#### What is being asked:
Find the line with "NWT! BANANA REPUBLIC" in the data below. Repeat it and every line after it up to the end, exactly, but drop the pictures.

#### Given information:
****************************************

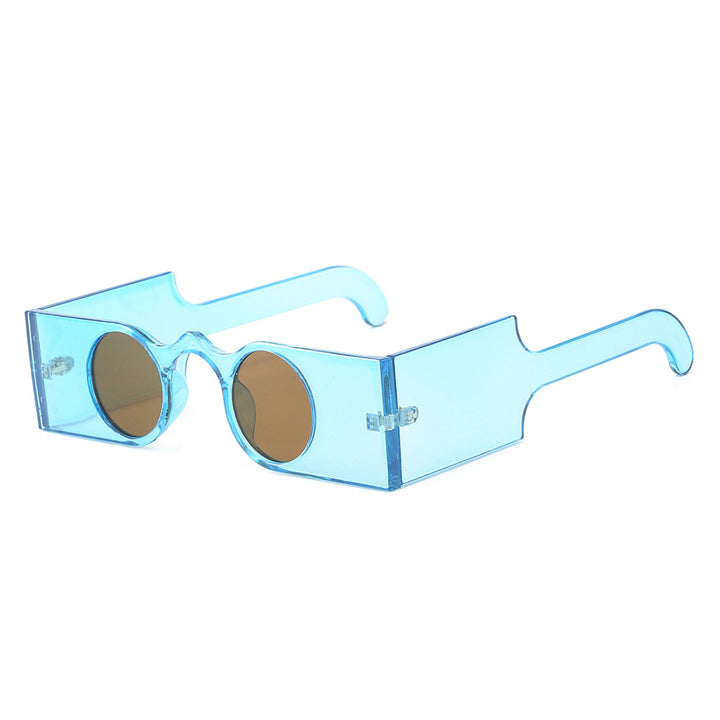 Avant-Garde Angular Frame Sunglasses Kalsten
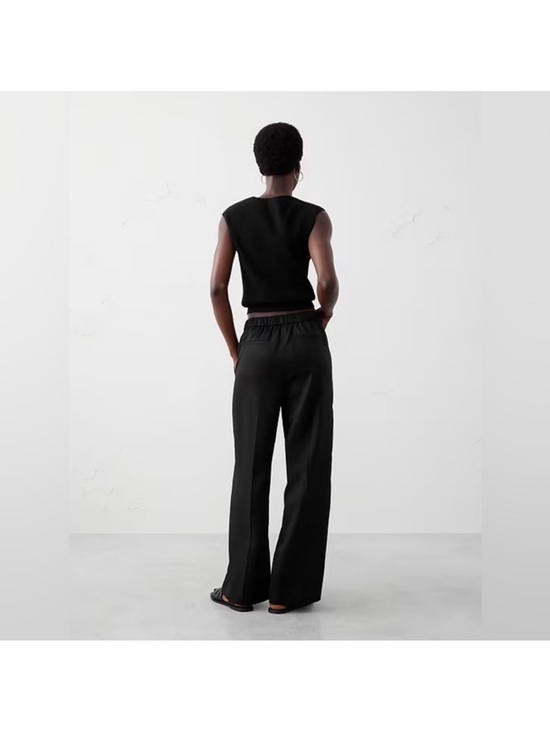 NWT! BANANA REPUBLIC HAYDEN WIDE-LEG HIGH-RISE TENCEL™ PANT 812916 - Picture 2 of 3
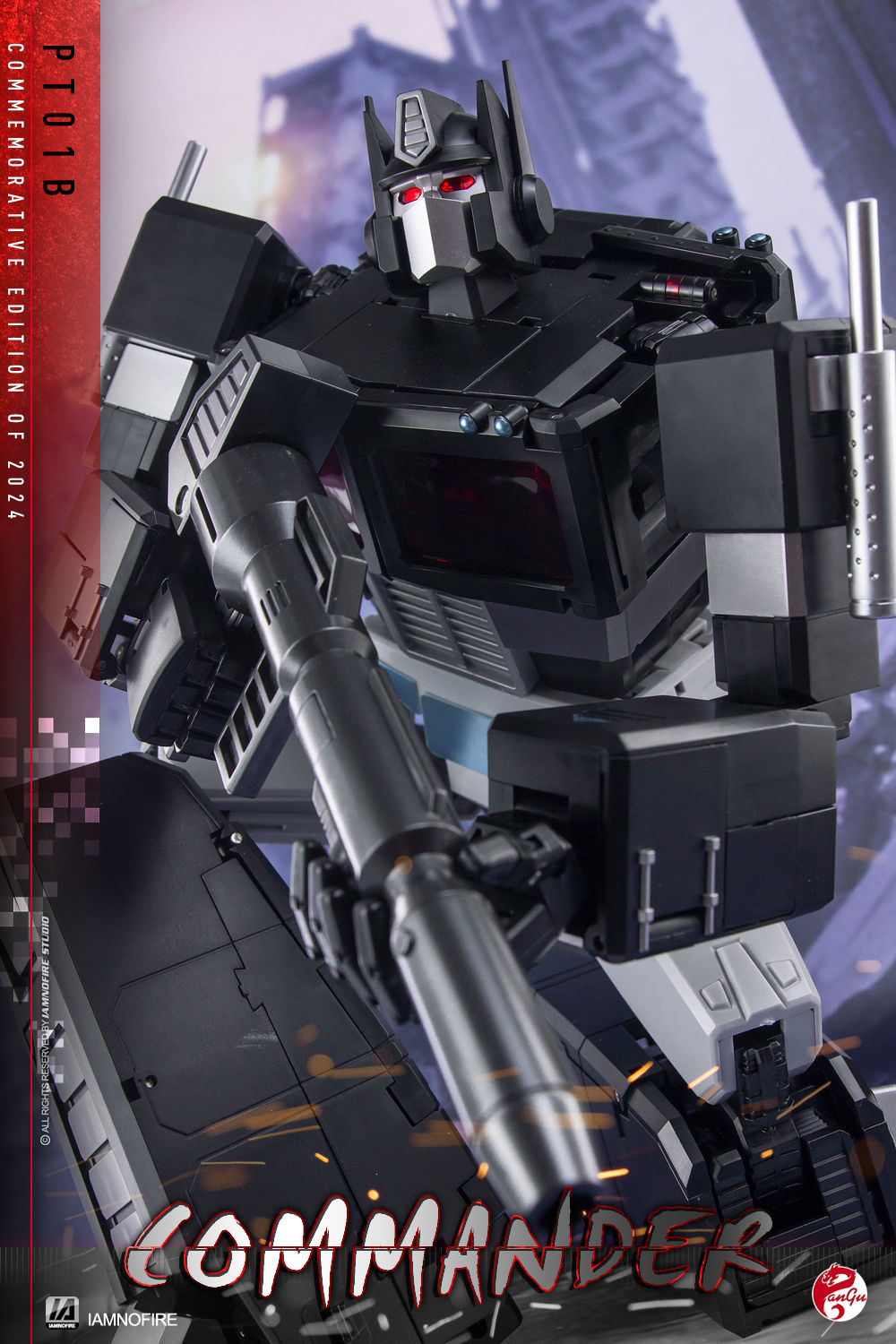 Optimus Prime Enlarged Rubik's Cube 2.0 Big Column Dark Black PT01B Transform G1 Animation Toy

****************************************

#### Response to the task:
 NWT! BANANA REPUBLIC HAYDEN WIDE-LEG HIGH-RISE TENCEL™ PANT 812916 - Picture 2 of 3
 Optimus Prime Enlarged Rubik's Cube 2.0 Big Column Dark Black PT01B Transform G1 Animation Toy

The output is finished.